Work to be completed:
Using the records below, copy exactly the part that opens with the line holding "Men's Loafers And" and closes with the line holding "Arches Ulusal Parkı, Utah, parlak", minus the pictures.

Input data:
((
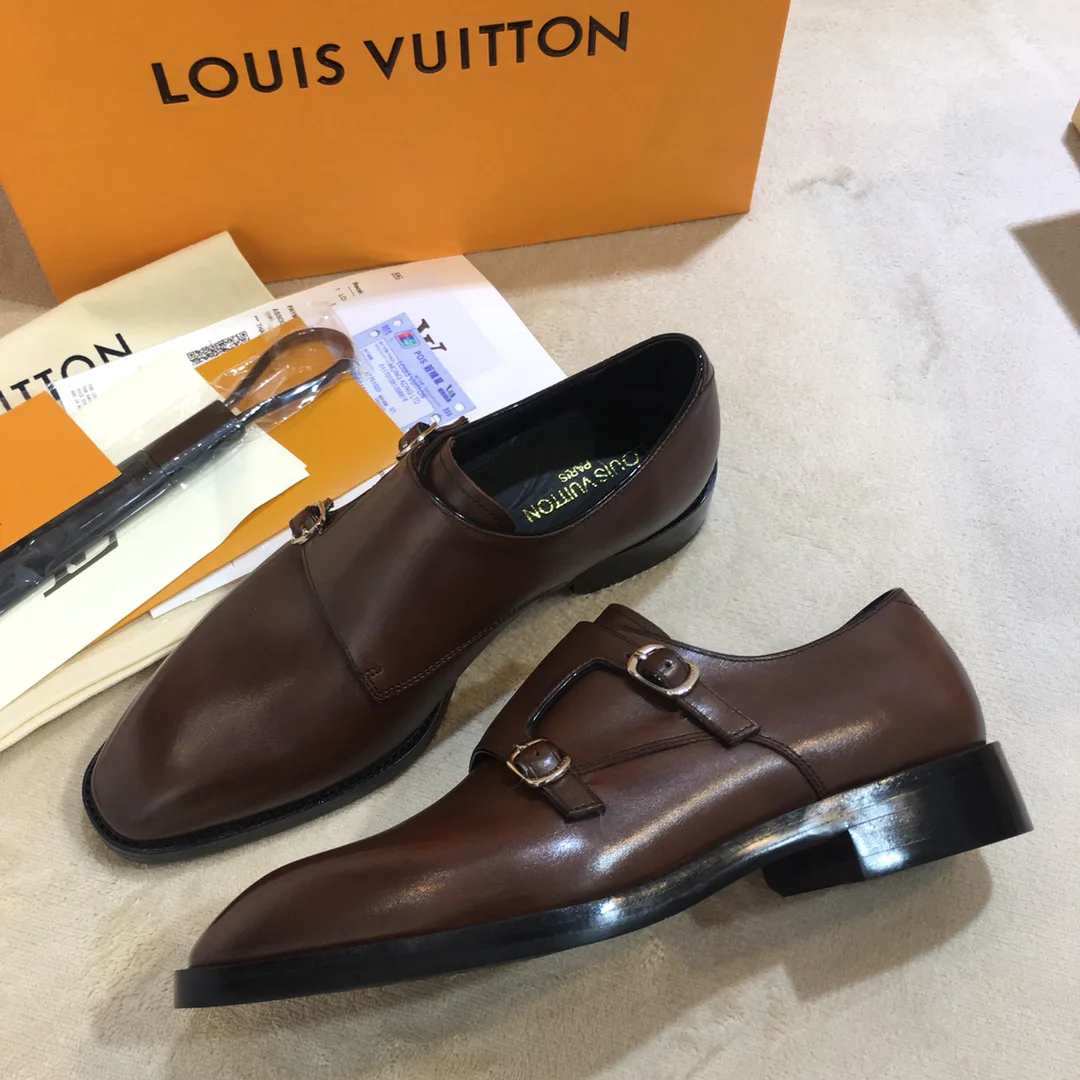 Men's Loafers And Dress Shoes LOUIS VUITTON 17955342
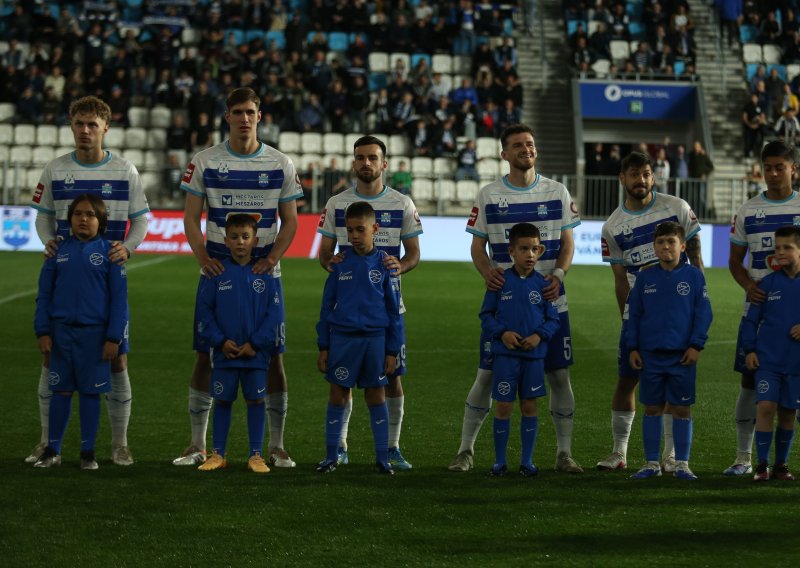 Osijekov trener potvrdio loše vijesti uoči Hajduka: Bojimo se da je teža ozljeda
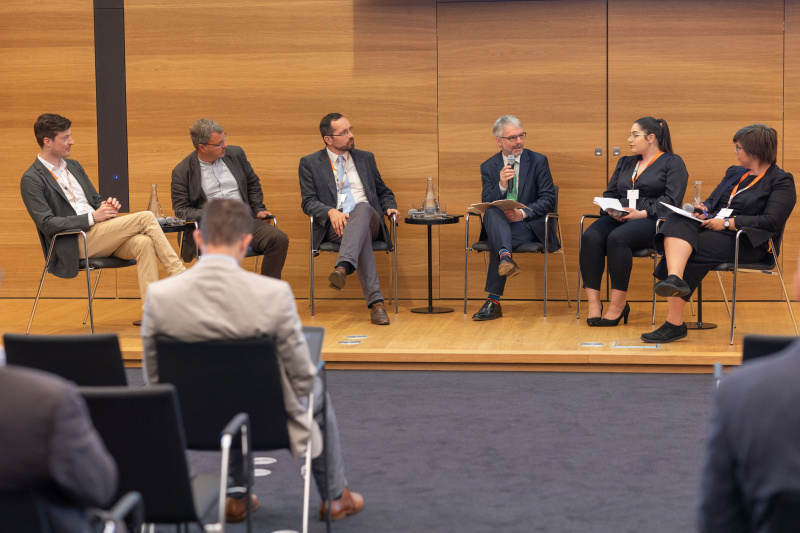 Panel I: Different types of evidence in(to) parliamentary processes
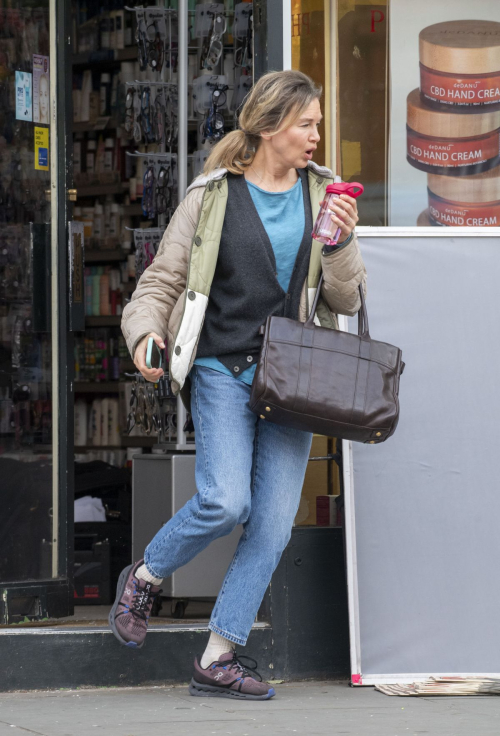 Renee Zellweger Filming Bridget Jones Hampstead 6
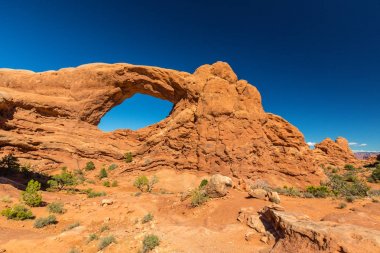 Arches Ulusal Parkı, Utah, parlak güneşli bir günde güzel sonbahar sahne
))
((
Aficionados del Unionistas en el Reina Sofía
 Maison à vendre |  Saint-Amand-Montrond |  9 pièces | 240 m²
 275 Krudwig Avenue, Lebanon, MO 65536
))
Response below:
 Men's Loafers And Dress Shoes LOUIS VUITTON 17955342
 Osijekov trener potvrdio loše vijesti uoči Hajduka: Bojimo se da je teža ozljeda
 Panel I: Different types of evidence in(to) parliamentary processes
 Renee Zellweger Filming Bridget Jones Hampstead 6
 Arches Ulusal Parkı, Utah, parlak güneşli bir günde güzel sonbahar sahne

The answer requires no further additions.